▶ _PROBLEM STATEMENT_
Your answer should be the exact lines of the records, starting with the one containing "伊甸三峽國光日照中心落實社區" and running to the end.

▶ _DATA FOR REVIEW_
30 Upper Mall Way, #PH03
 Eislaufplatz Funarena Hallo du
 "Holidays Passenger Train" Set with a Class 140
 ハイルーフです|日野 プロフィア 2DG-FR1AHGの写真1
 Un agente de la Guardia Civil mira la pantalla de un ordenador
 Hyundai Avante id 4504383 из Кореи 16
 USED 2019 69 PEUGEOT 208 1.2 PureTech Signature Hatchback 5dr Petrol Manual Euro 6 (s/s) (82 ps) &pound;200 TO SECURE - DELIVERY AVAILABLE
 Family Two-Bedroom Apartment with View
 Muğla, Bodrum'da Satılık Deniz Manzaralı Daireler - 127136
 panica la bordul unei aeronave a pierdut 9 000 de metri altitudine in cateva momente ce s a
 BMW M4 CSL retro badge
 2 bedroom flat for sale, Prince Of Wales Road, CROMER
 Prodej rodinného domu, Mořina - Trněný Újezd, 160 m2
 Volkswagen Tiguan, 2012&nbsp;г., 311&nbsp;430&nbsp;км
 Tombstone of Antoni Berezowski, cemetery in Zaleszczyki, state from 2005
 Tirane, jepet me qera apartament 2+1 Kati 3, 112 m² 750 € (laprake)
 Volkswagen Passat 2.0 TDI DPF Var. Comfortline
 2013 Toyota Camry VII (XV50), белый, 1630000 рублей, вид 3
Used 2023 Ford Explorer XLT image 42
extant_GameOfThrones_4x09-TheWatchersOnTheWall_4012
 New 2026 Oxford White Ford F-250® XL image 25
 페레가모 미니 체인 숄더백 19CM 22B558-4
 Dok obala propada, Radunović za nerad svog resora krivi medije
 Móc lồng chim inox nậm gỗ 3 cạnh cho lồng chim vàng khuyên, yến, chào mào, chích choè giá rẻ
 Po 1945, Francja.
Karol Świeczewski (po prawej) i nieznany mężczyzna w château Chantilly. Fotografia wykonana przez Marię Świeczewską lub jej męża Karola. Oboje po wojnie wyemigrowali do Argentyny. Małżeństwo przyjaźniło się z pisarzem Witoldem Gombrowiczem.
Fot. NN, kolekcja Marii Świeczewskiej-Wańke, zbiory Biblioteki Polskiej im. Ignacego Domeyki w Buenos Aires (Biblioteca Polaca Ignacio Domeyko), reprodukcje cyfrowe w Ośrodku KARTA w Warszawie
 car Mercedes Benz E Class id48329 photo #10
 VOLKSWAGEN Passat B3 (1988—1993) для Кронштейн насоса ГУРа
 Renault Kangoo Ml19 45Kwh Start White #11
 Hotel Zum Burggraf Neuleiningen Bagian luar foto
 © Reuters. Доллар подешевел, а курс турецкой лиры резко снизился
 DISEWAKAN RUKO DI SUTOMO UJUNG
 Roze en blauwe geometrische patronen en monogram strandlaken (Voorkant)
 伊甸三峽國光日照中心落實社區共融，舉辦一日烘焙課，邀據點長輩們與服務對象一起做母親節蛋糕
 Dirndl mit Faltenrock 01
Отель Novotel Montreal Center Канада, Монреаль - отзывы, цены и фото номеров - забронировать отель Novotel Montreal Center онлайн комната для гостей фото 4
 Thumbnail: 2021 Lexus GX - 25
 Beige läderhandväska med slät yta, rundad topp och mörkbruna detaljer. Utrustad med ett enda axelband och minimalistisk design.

▶ _EXERCISE RESPONSE_
 伊甸三峽國光日照中心落實社區共融，舉辦一日烘焙課，邀據點長輩們與服務對象一起做母親節蛋糕
 Dirndl mit Faltenrock 01
Отель Novotel Montreal Center Канада, Монреаль - отзывы, цены и фото номеров - забронировать отель Novotel Montreal Center онлайн комната для гостей фото 4
 Thumbnail: 2021 Lexus GX - 25
 Beige läderhandväska med slät yta, rundad topp och mörkbruna detaljer. Utrustad med ett enda axelband och minimalistisk design.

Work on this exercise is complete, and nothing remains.